Yavuz Bülent Bâkiler: Umûmiyetle
Alevî-Bektâşî halk şâirlerinin şiirleri şeriatla sürtüşmenin, mücâdelenin
hikâyeleriyle doludur. Hz. Ali ve Ehl-i Beyt’iyle On iki imama karşı duyulan
sevginin, yüzyıllardır ezilen, gizlemek ihtiyacını hissettikleri
Alevîlik-Bektâşîlik inançlarının yansıması olarak görülen şiirlerinin
sergilediği kimliğin sıkıntılara sebebiyet vermesi, düşünce dünyâmızın
gündeminde derinlemesine iz bırakmıştır. İlmî inceleme bekleyen konular ve
meseleler, şiirlerde ele alınmıştır. İlim,
irfan ve insanlık sevgisi üzerine oluşturulan Alevîliğe – Bektâşiliğe inanan
şâirlerin yazdığı şiirler:
-Allah – Muhammed
– Ali üçlemesine inanıp iman getirmiş, İslâm’ın özüne tasavvufî metotlarla
bağlanmış olmalarının; dört kitabı hak bilmelerinin;
-Hakk’ı ve
halkı sevmeyi, kimseye zarar vermemeyi, olabildiğince insanı kâmil olmaya
gayret etmeyi, bu doğrultudaki öğretiye inanmayı ilke edinmelerinin;
-Hz. Muhammed’in
biricik varlığı olan Ehl- i Beyt’e büyük bir sevgi ve saygıyla bağlanmış,
onları sevenlere tevella, sevmeyenlere teberra okumalarının;
-Hakk’ı kendi
özlerinde bulmuş, özlerini temizleyip O’nu devamlı zikretmelerinin;
– Müminin gönlünü
Allah’ın evi saymalarının;
-Temizlik
insanın kendi özünün arıtılmasıdır. ‘Kendisi temiz olmayan asla başkalarını temizleyemez’
inancına sadakatlerinin;
-Dört kapı,
kırk makama inanmalarının; eline, beline ve diline sâdık, eşine, aşına ve işine
sâhip olmayı insan olmanın temel kuralı saymalarının;
-Üç sünneti,
yedi farzı rehber edinmelerinin;
-Yetmiş iki
milleti kardeş bilmelerinin, Tanrı eseri saymalarının, bunun için sevmelerinin,
saymalarının, eşitlikten kardeşlikten, dürüstlükten, doğruluktan yana
olmalarının yazıya dökülmüş şeklidir.
Çetinoğlu: Şiirlerinde
tavsiyelerde bulunuyorlar…
Bâkiler: Evet!

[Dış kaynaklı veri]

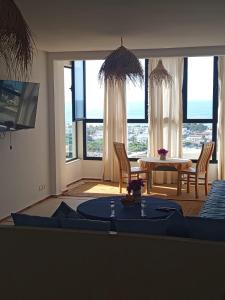 a living room with a couch and a table at Appartement LE SABLE Uniquement les familles in Oualidia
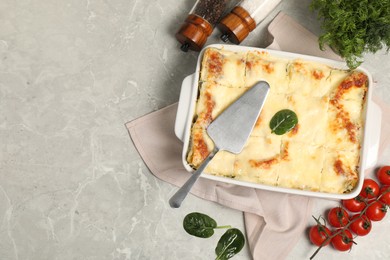 Photo of Delicious spinach lasagne in baking dish served on grey marble table, flat lay. Space for text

Onlar; ‘Bin defa mazlum olsan bile, bir defa zâlim
olma’ ilkesini herkese tavsiye ederler. Kimseye kin, kibir, haset beslemez,
buğz etmez, insan gönlünü incitmez, haram yemez, döktüğü varsa doldurur,
ağlattığı varsa güldürür, Allah katına kul hakkı ile gitmemeye çalışırlar.
Bâzıları ve
bâzan cuş-u huruşa gelip Hz. Ali’nin olgun, doruk kişiliğine secde etmek gibi
taşkınlıklara sapmaktan kendilerini men edemedikleri de olabilmektedir.
Aynayı tuttum yüzüme
Ali göründü gözüme
Nazar eyledim özüme
Ali göründü gözüme
Çizgisinde sınırında
kalabilenlere selâm olsun!
Çetinoğlu: Âşık Veysel hakkında
neler söyleyeceksiniz?
Bâkiler: Âşık Veysel Şatıroğlu, 1894 yılında
Sivas’ın Şarkışla ilçesine bağlı Sivrialan köyünde dünyâya geldi. Yedi yaşında
iken çiçek hastalığından görme kabiliyetini kaybetti. Bir başka bilgiye göre bir gözü çiçek
hastalığından görmez oldu, diğer gözü de öküz boynuzunun çarpmasından… Üçüncü
bir hikâyeye göre de başını âniden çevirmesiyle yakınında bulunan övendirenin
gözüne girmesinden… Kendisi bu durumdan hiç şikâyetçi değildir. ‘Gözlerim dünya ışığına kapandı ise, Cenâb-ı
Allah gönül gözümü açtı. Hâlimden memnunum’ der.
Çetinoğlu: Saz çalmayı
nasıl öğrendi?
Bâkiler: On yaşına geldiğinde babası,
biraz oyalanması için, biraz da teselli bulması için bir kırık saz alıp oğluna
hediye etti. Saz çalmasını kendi kendine öğrendi. Birinci Dünya Savaşı
çıktığında 20 yaşındaydı. Köydeki bütün emsalleri askere alındı. O, köydeki
yaşlı erkeklerle ve kadınlarla kaldı. Vatana hizmet etmekten mahrum kaldığı
için çok müteessir oldu. Teessürünü dertli dertli saz çalarak, şiir yazarak
gidermeye çalıştı.
Çetinoğlu: Şöhret
sâhibi oluşunun hikâyesini anlatır mısınız?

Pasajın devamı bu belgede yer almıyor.